Compilers/environments used:
Xubuntu 20: GCC8.4, GCC9.3, GCC10.0.1
Windows 7: Nuwen mingw GCC8.2, nuwen mingw GCC9.2

The attached code output is from the Xubuntu environment.

Any questions let me know. I will help where I can, but my knowledge of assembly is limited.

Information on code components:
Nanotimer is a ~nanosecond-precision sub-timeslice cross-platform timer.
Colony is a bucket-array-like unordered sequence container.

The attached zip contains the build logs and compiler preprocessed outputs for GCC 8.4, 9.3 and 10.0.1

Thanks-
Mat
Comment 1 Martin Liška 2020-08-24 08:47:16 UTC
Confirmed, started with r9-5763-g61a8637c8893a252:

after:
1794240.0

before:
1802710.0

Anyway, using PGO one can get to:
1488310.0
Comment 2 Marc Glisse 2020-08-24 09:17:59 UTC
(In reply to Martin Liška from comment #1)
> after:
> 1794240.0
> 
> before:
> 1802710.0

That's less than 1% of difference (with "after" better than "before"), not the 10% regression claimed, maybe there is another relevant commit?
Comment 3 Martin Liška 2020-08-24 09:38:08 UTC
(In reply to Marc Glisse from comment #2)
> (In reply to Martin Liška from comment #1)
> > after:
> > 1794240.0
> > 
> > before:
> > 1802710.0
> 
> That's less than 1% of difference (with "after" better than "before"), not
> the 10% regression claimed, maybe there is another relevant commit?

Sorry, I copied bad numbers:

after:
1806140.0

before:
1705630.0

which is ~6% regression.
Comment 4 Matt Bentley 2020-08-24 23:21:24 UTC
(In reply to Marc Glisse from comment #2)
> (In reply to Martin Liška from comment #1)
> > after:
> > 1794240.0
> > 
> > before:
> > 1802710.0
> 
> That's less than 1% of difference (with "after" better than "before"), not
> the 10% regression claimed, maybe there is another relevant commit?
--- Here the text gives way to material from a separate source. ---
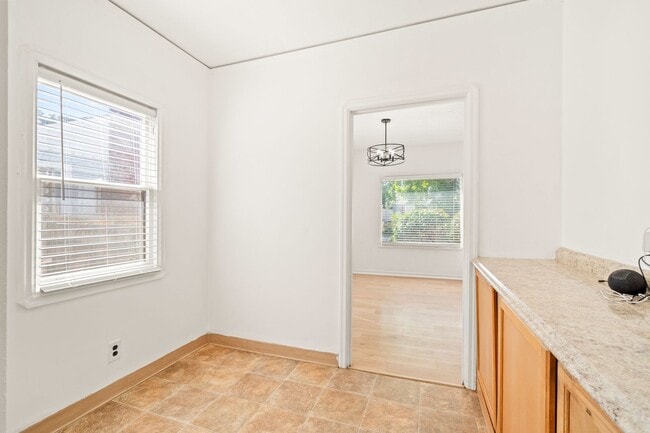 Building Photo - Charming Oakland Oasis with Detached Works...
See the .ods spreadsheet in the zip for my results with same code.
Comment 5 Matt Bentley 2020-09-27 23:34:42 UTC
If anyone out there is interested in working on this, 
I found the smallest change possible to create the same performance as GCC8- 
it is literally eliminating one branch possibility in one function (move-insert).

The branch in question questions whether there are existing memory blocks to re-use or if we need to create a new memory block. For example, if the reserve() function has been called there will be existing memory blocks to re-use.

However the performance drop occurs whether or not there are memory blocks to reuse. The actual if statement is irrelevant. I have tested and can remove all instances of memory block storage (reserve(), erase()) and problem still exists if this one branch is still in insert.

I've attached the source files to demonstrate this above, including one plf_colony.h with the branch removed (renamed to plf_colony_fast.h), so you can see what difference there is.
This code is all zlib license, free to share, but is early beta so don't redistribute please.

Thanks,
Matt

ps. For consistency I've also removed the non-move-insert and emplace instances of this branch statement, even though they won't be called by the benchmark code in a C++11-compliant compiler.
Comment 6 Matt Bentley 2020-09-27 23:35:57 UTC
Created attachment 49278 [details]
Demonstration of code which doesn't trigger the performance anomaly.

plf_colony_fast.h does not trigger the problem, has one branch eliminated in each insert/emplace function.